Jak podaje portal tvn24.pl, samochód był zaparkowany naprzeciwko centrum handlowego. Przechodzący mężczyzna zauważył, że w środku jest zamknięte dziecko; siedząca w zapiętym foteliku dwulatka nie reagowała na próby kontaktu. Na szczęście przednia szyba w aucie była uchylona - dzięki temu policjanci, których wezwał przechodzień, mogli wyciągnąć dziewczynkę.
Mundurowi wezwali też pogotowie - lekarze stwierdzili jednak, że życiu dziecka nie zagraża niebezpieczeństwo. Chwilę później na parkingu pojawiła się matka dziewczynki. Funkcjonariusze ustalili, że nie było jej półtorej godziny; w tym czasie kobieta robiła zakupy w centrum handlowym. O sprawie powiadomiony zostanie teraz sąd rodzinny.

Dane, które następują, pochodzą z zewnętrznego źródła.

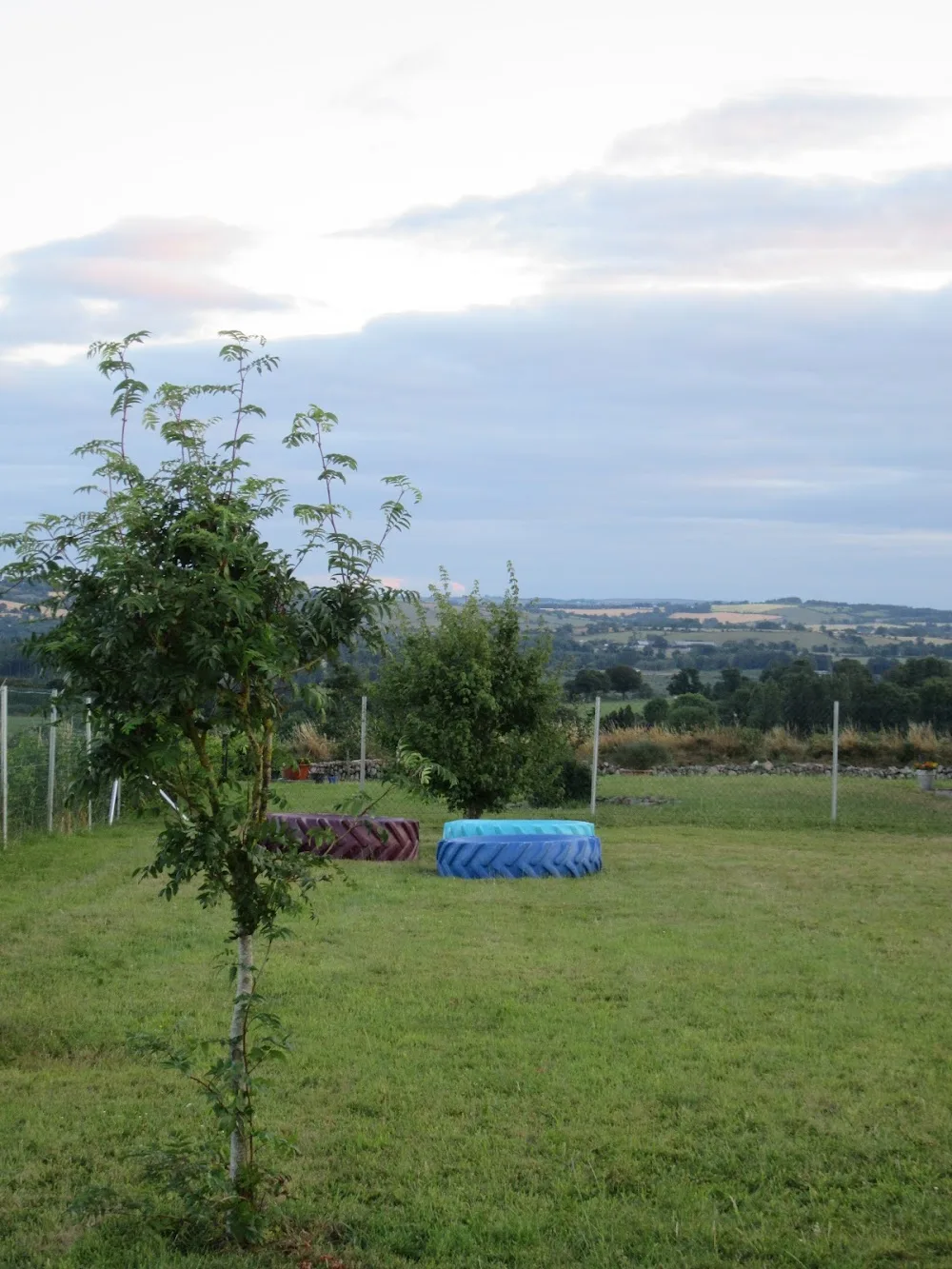 Tall Tails Dog Day Care - Cork pet otel
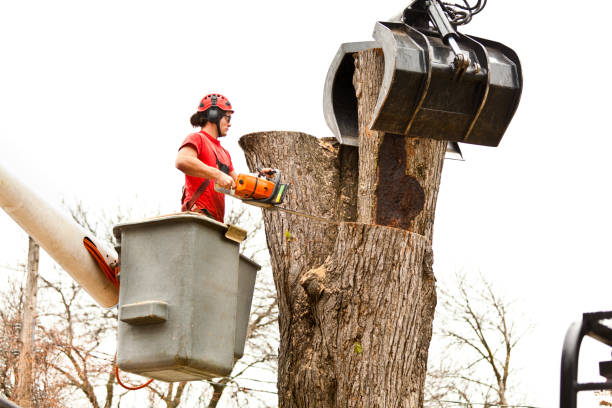 Best Tree and Shrub Care  in Llender, CA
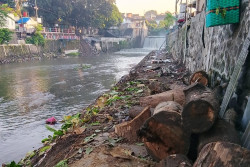 Penebangan Pohon Winongo Picu Keluhan, Warga Kian Kepanasan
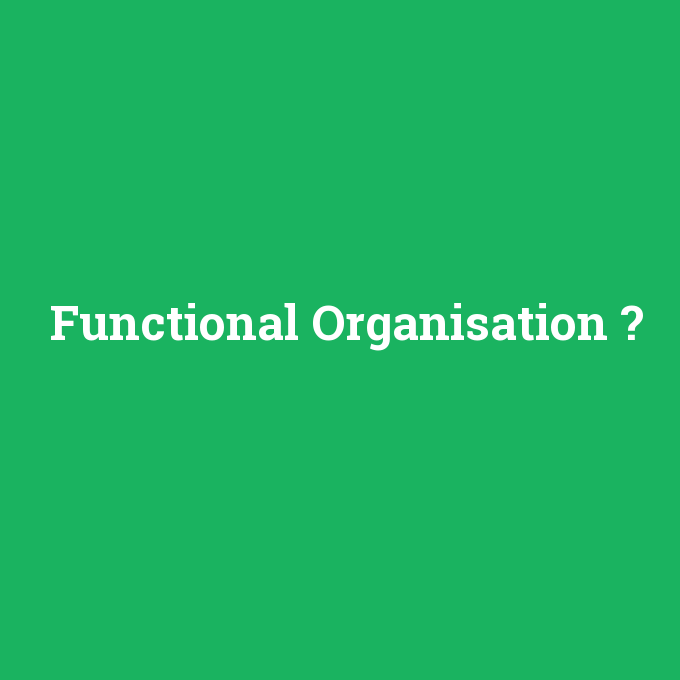 Functional Organisation, Functional Organisation nedir ,Functional Organisation ne demek
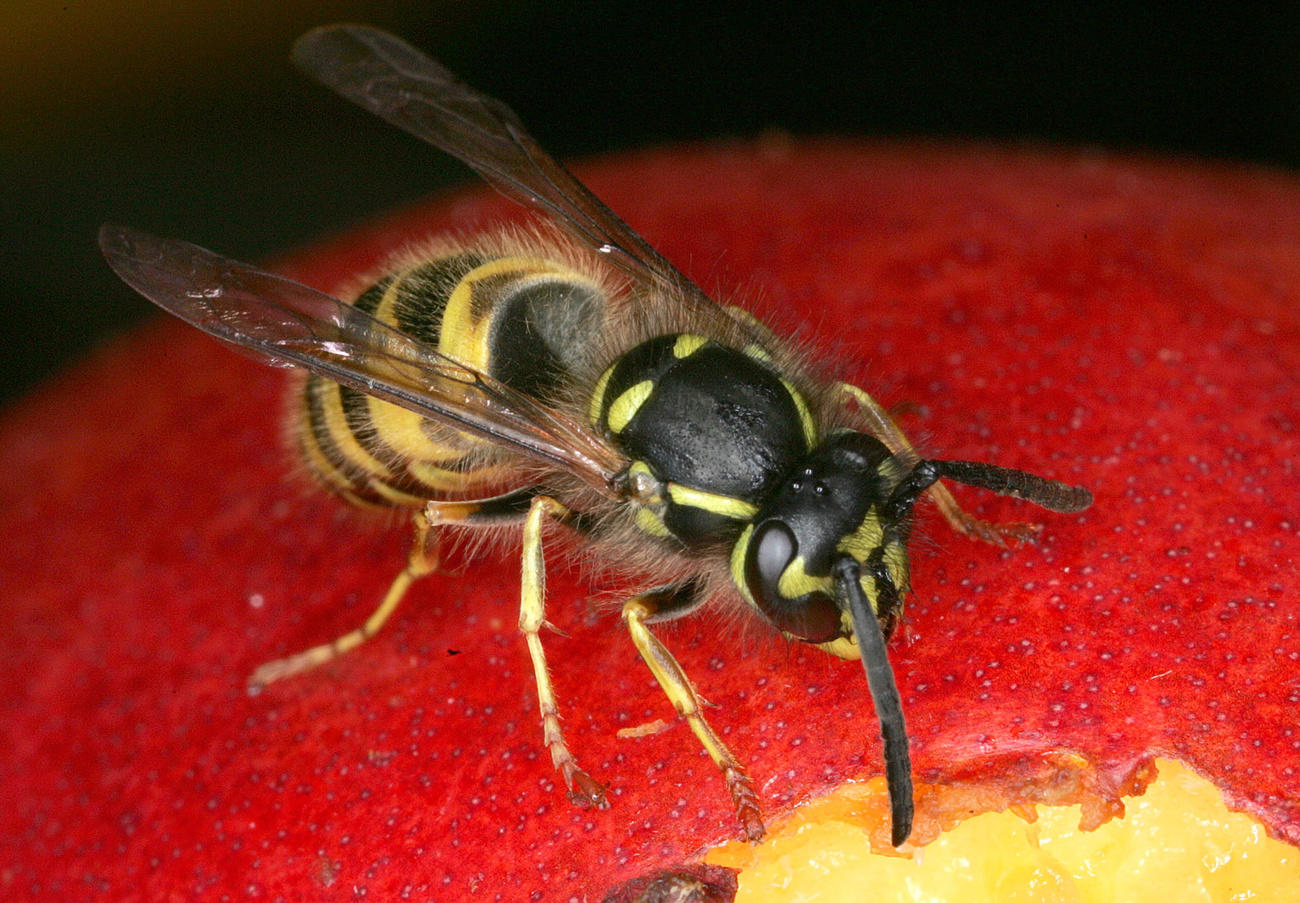 A wasp on an apple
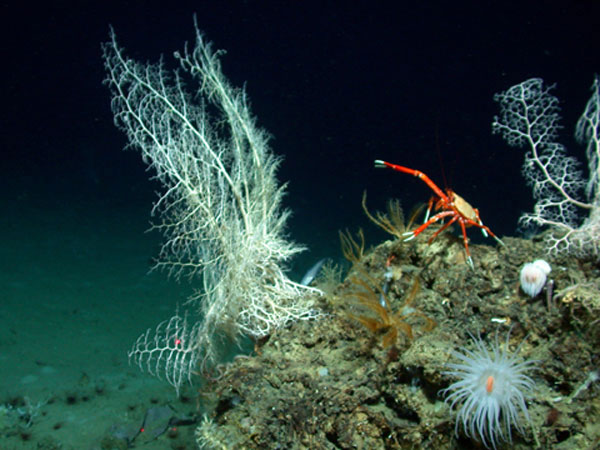 Basket stars, crinoids, anemone and crab. 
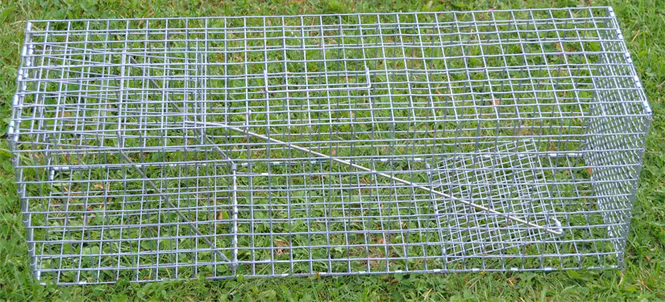 Hovedbilde Kattefelle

W 2014 roku, również w Rybniku, zmarła 3-letnia dziewczynka pozostawiona w nagrzanym samochodzie. Ojciec dziecka, zamiast odwieźć je do przedszkola, pojechał bezpośrednio na parking, zostawił córkę w samochodzie i poszedł do pracy.
O tym, że dziewczynka została w aucie, zorientował się dopiero po zakończeniu pracy. Próby reanimacji i interwencja wezwanego pogotowia nie dały rezultatu; 3-latki nie udało się uratować.